La persecuzione non governativa – sottolinea la commissione – può rappresentare una minaccia non meno grave. Dal 2016 una legge Usa prevede che si individuino anche le entità non governative che più minacciano la libertà di religione: una direttiva – commenta la Commissione – appropriata, che arriva tardi, perché i soggetti non governativi che in un paese controllano dei territori oppure hanno un significativo peso politico possono essere persino più oppressivi dei governi nei loro attacchi alla libertà religiosa. Il rapporto che per la prima volta recepisce la nuova legge, per il 2016 classifica come “entità più preoccupanti”, ECP, tre soggetti: l’Isis, in Iraq e in Siria, i Talebani, in Afghanistan e al Shabaab, in Somalia. Talebani e al Shabaab minacciano la libertà di religione sia ricorrendo ad attentati terroristici sia imponendo rigide regole di comportamento, e severe sanzioni per i trasgressori, nei territori sotto il loro controllo.

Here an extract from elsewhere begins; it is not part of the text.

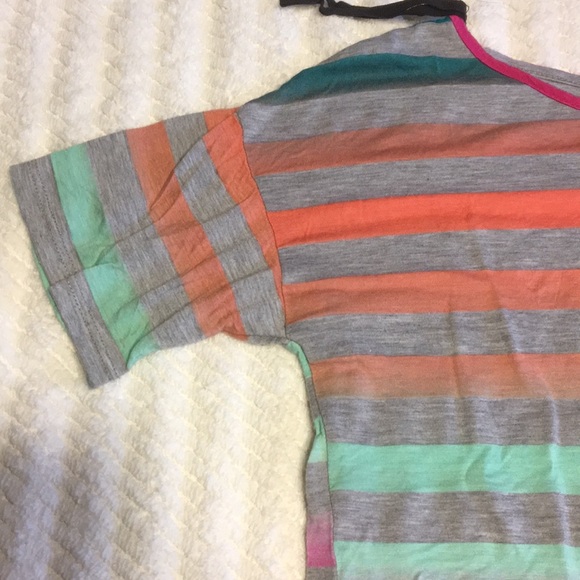 Girls top nwot - Picture 2 of 4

Altrettanto fa l’Isis, e con mezzi e portata d’azione di gran lunga maggiori. Già nell’estate del 2016 l’allora segretario di stato Usa John Kerry aveva dichiarato che l’Isis in Iraq e Siria stava compiendo un genocidio. Era la prima volta dal 2004 che l’amministrazione statunitense definiva “genocidio” una situazione di crisi. Nel 2004 era stato il segretario di stato Colin Powell ad affermare che in Darfur, la regione occidentale del Sudan, era in atto un genocidio.
L’attuale segretario di stato, Rex Tillerson, ha ribadito l’impegno espresso a maggio dal presidente Trump e dal vicepresidente Mike Pence a combattere la persecuzione dei cristiani, formulato in una nota di denuncia del “massacro spietato” di cristiani in Egitto ordinato dall’Isis. Tillerton ha a sua volta rinnovato l’accusa di genocidio all’Isis, precisando di voler spazzare via ogni ambiguità a riguardo, che dichiarazioni o rapporti precedenti rilasciati dal Dipartimento di stato potessero aver creato. Si riferiva a voci circolate nei mesi precedenti e, poi ufficialmente smentite, secondo cui il termine “genocidio” a proposito dell’Isis era stato rimosso dai documenti ufficiali.
“L’Isis – ha detto Tillerton il 15 agosto alla presentazione del Rapporto – è chiaramente responsabile di genocidio contro Yazidi, Cristiani e musulmani sciiti”. Proteggere i gruppi perseguitati dall’Isis e da altri estremisti violenti “è una priorità dell’amministrazione Trump”.
Il segretario di stato ha aggiunto che, per le popolazioni perseguitate, l’opzione da preferire nelle zone liberate dall’Isis è “permettere alla gente di tornare nei rispettivi villaggi tradizionali”.